§ Exercise description
Search the records below for the string "Case" and copy each line where it turns up.

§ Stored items
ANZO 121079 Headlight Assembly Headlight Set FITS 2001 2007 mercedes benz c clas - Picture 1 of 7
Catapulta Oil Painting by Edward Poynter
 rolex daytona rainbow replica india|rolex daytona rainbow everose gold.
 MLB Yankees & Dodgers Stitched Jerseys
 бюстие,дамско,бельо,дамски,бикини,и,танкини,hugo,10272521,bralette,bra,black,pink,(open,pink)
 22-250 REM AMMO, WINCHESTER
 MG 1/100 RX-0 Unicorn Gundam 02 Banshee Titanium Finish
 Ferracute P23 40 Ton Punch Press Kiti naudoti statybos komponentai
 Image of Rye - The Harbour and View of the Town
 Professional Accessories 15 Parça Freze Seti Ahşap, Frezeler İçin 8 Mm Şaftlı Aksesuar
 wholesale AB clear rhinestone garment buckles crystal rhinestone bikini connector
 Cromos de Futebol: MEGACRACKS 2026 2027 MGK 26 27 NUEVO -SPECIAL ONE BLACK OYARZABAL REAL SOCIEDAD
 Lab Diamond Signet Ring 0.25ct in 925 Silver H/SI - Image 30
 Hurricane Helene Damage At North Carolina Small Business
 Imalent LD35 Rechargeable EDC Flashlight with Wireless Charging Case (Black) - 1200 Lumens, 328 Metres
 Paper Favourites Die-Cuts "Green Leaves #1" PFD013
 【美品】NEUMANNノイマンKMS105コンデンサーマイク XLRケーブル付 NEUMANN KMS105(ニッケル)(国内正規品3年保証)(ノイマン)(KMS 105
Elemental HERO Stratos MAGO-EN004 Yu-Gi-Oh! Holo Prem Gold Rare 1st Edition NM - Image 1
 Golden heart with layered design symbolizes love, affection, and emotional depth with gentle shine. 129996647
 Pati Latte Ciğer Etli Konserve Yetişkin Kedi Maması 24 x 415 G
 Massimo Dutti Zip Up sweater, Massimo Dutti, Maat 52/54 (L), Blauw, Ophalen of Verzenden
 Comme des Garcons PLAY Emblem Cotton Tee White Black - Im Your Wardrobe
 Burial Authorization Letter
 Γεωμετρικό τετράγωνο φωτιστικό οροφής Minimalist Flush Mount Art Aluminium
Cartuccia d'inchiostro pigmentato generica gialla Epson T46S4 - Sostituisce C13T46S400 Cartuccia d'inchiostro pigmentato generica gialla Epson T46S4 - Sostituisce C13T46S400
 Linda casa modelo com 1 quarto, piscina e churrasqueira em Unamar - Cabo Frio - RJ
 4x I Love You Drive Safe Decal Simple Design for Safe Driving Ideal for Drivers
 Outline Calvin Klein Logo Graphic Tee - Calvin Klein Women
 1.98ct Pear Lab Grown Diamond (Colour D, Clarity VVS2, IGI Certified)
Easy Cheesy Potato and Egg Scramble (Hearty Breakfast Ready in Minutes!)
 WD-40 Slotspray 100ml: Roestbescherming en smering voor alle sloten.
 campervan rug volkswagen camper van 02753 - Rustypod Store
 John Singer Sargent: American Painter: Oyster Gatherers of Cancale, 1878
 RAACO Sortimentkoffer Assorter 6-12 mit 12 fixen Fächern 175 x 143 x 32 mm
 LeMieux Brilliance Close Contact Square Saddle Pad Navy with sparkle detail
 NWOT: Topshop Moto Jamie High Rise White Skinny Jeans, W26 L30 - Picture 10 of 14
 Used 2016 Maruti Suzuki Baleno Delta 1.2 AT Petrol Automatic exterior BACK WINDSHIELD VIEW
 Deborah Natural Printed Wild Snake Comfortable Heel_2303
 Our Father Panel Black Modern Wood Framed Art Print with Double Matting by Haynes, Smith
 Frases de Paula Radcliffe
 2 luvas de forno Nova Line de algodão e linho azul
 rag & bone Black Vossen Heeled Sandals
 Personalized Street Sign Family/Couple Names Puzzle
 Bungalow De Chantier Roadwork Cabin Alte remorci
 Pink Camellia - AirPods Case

§ Output
 Imalent LD35 Rechargeable EDC Flashlight with Wireless Charging Case (Black) - 1200 Lumens, 328 Metres
 Pink Camellia - AirPods Case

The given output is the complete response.